I’ve previously covered MySQL 5.6 on POWER (with patch), MySQL 5.6 Performance on POWER8 (spoiler: new performance record) and MySQL 5.7 on POWER.

Of course, The postings on this site are my own and don’t necessarily represent IBM’s positions, strategies or opinions. Also, these numbers should be considered preliminary, but trust me – I did get them and it’s not April 1st.

From my last post, you saw that with my preliminary patch for MySQL 5.7 to work on POWER, we could easily match the previous record for sysbench point select queries per second (i.e. key lookups). In fact, we could exceed the published record by a little bit which is kind of nice. At around 630kQPS, one could be rather happy.

But we still had 30-40% idle CPU on POWER8. This led me to file the following bug report:

  • Bug 72829: LOCK_grant is major contention point, leaves 30-40% idle CPU.

What’s going on is that there’s a rwlock in the MySQL Server that ensures that writers don’t collide with readers to the data structures describing the GRANTs (i.e. who has access to what). If you run a GRANT statement, it gets a writer lock, and nobody can read (i.e. check permissions) while everything is being updated. If you run a normal SQL statement, you get a read lock (non-exclusive) and can check permissions appropriately.

It’s been known for a long time that LOCK_grant was a bottleneck. Typically, some people have run with skip-grant-tables to help shorten the time the lock as held (as in MySQL you still take the mutex even though you’ve started the server with skip-grant-tables).

In Drizzle, we fixed that – moving authentication and authorization completely behind plugin APIs and if you didn’t load plugins for them, you executed near enough to zero instructions that it didn’t matter.

In my experiments, enabling skip-grant-tables actually hurt performance rather than helped. More investigation is needed, but it seems that simply the act of acquiring and releasing the rdlock is now a major bottleneck in some benchmarks (such as sysbench point select).

It turns out that this is a well known problem in other pieces of software (e.g. Linux kernel) and is pretty much what RCU (Read Copy Update) is best at. As far back as 2006 I remember attempting to get my head around RCU so that one day we could use it in MySQL or MySQL Cluster.

Another simpler method is simply splitting the mutex, with readers able to acquire any one of N mutexes and writers needing to acquire them all. This penalizes writers, but unless you’re executing a lot of GRANTs, you’re probably safe.
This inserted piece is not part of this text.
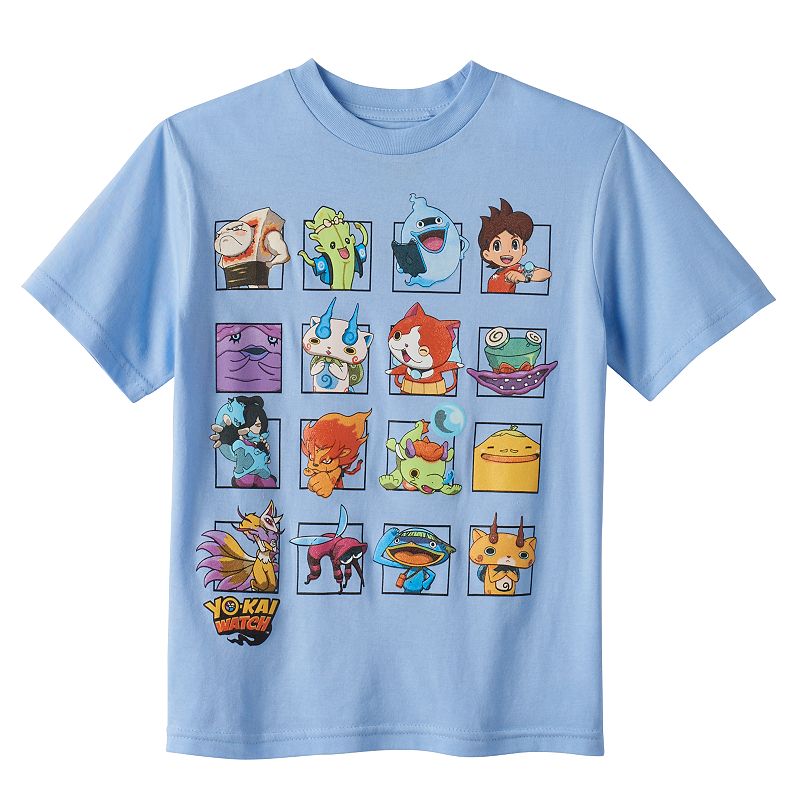 Boys 4-7 Yo-Kai Watch Blue Character Graphic Tee, Boy's, Size: 4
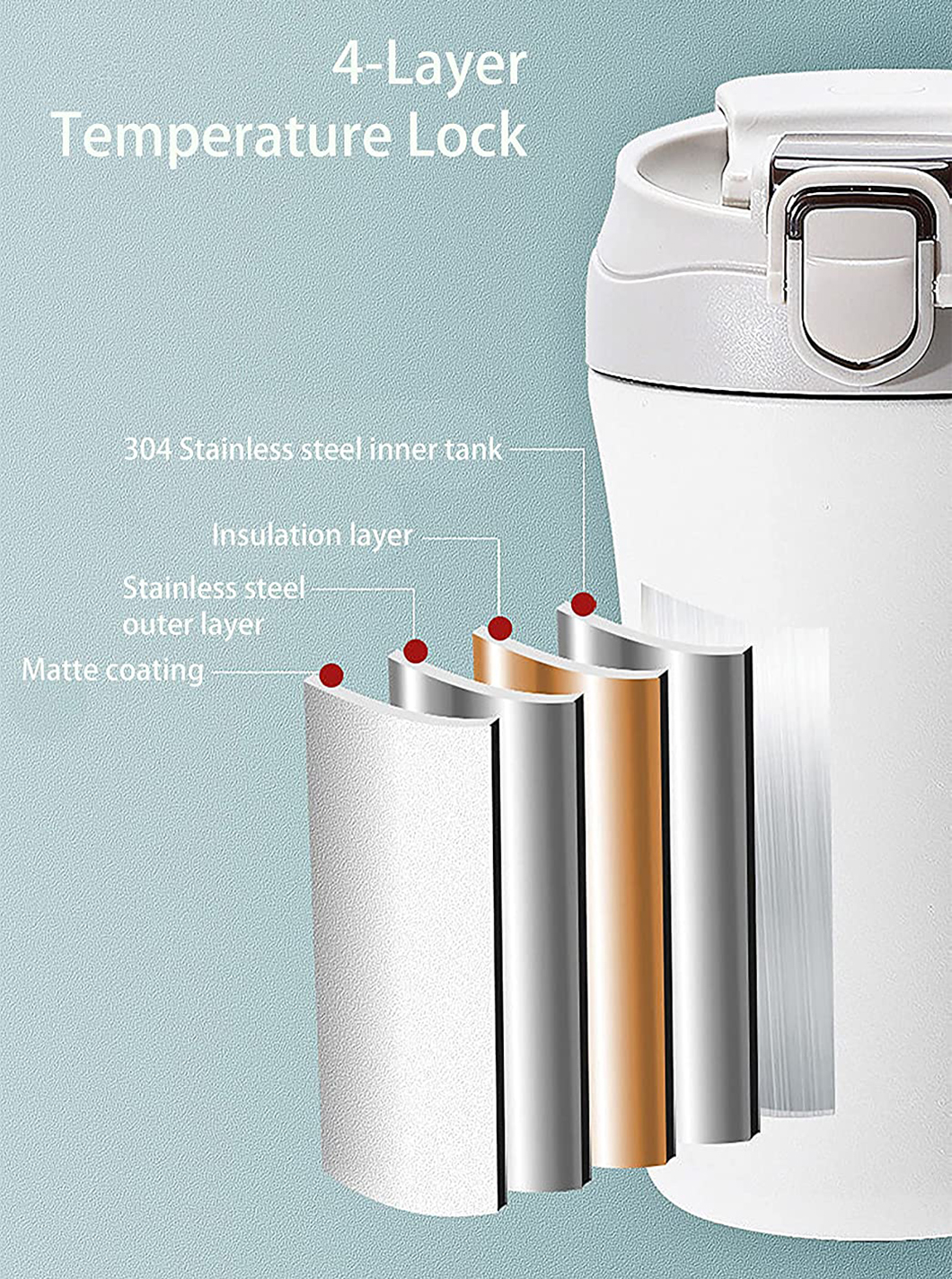 Tasses &agrave; caf&eacute; en gros en gros en acier inoxydable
So… what is the theoretical maximum performance if this bottleneck went away?

I wrote a quick patch that just commented out the rdlock acquisition of LOCK_grant in the hot codepath of sysbench point selects. I wasn’t running GRANT statements at runtime so this was “safe”.

This patch is not production ready, it’s merely useful for demonstrating where we could be with MySQL 5.7 on POWER8 if one last bottleneck is fixed.

My results? Slightly over ONE MILLION QUERIES PER SECOND!

This is roughly twice the previous record.

This is with a dual socket 24 core POWER8 with SMT8 and DSCR=1 on 8 tables with sysbench 0.4.8. Sysbench itself is using a non-trivial amount of CPU and I could probably decently beat this number if I rewrote sysbench using the nonblocking API in libdrizzle (back when me made the Drizzle performance regression tests use a libdrizzle-ified sysbench we got double digit percentage improvement in our sysbench numbers).

There’s still around 7-10% idle CPU time… so there’s more room to grow.

Lacking a physical gauntlet to throw down, I’ll just have to submit a conference paper somewhere so that I can do that in person.

I really hope that we’re able to fix this bottleneck in MySQL 5.7 so that MySQL 5.7 will ship being able to do over a million queries per second. From SQL.